Pozostałe modele in-line przewidują, że noworodek jedzie na płasko na głównym siedzisku (w miękkiej gondoli-nosidełku-torbie), a starszak siedzi nad nim (bez możliwości pochylenia siedziska starszaka).
Ja woziłam w Vibe, i ponieważ miałam też starszą jego wersję, mogłam zamontować gondolę i siedzonko drugie razem.
POtem musiałam wymienić ramę na nową i ona juz nie miała dodatkowego, niższego uchwytu, który pozwalał na zmieszczenie gondoli przed tylnym siedzonkiem, z zachowaniem miejsca na starszaka, jak tutaj
Na nowej ramie, gondola byłaby tuż przed nosem starszaka
Gondole (peanut w P&T) są jednymi z najmniejszych jakie widziałam.... Jak się zrobiło chłodno, doszedł koc, niemowlak poszedł "pod spód".
Gdybym wybierała jeszcze raz, na pewno P&T. Wszędzie się mieści, koszyk ma duży.

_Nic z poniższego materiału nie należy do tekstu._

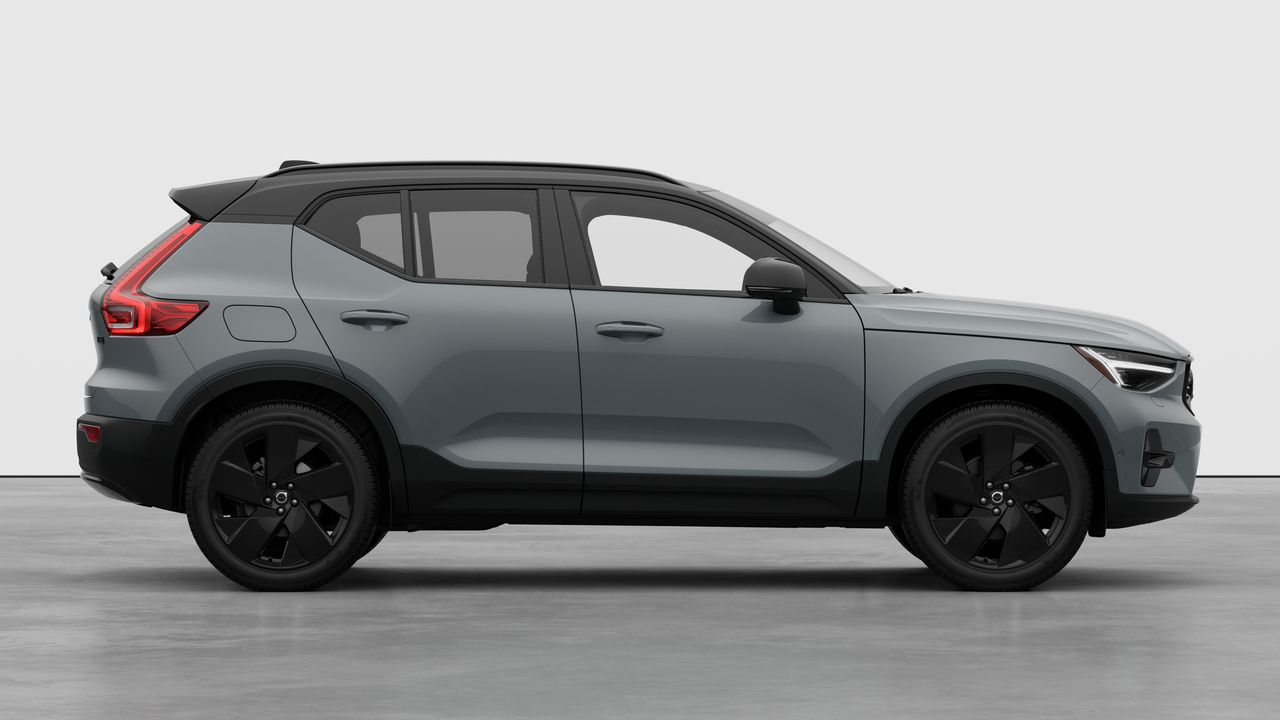 2026 Volvo XC40 - Image 7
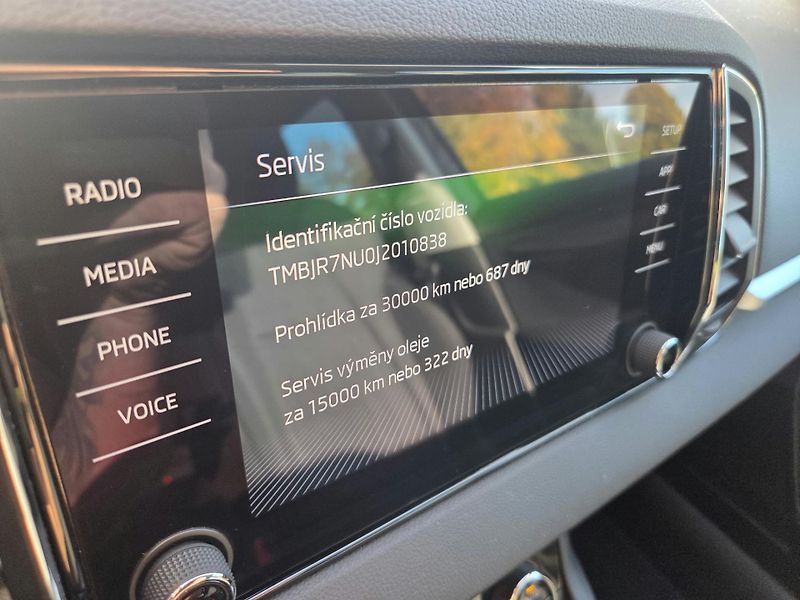Škoda Karoq (2018) 1.5 TSI  - fotka 9 z 10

Ale nie Vibe (bo pękają ramy i się tego już nie spawa). Wybrałabym explorer albo sport.
Do tego stopnia kocham ten wózek, że nawet myśląc nad kolejnym, lżejszym, nie widzę na rynku NIC dla siebie i dziecka.
Pojeździmy więc chyba do końca Jaśkowego etapu wózkowego.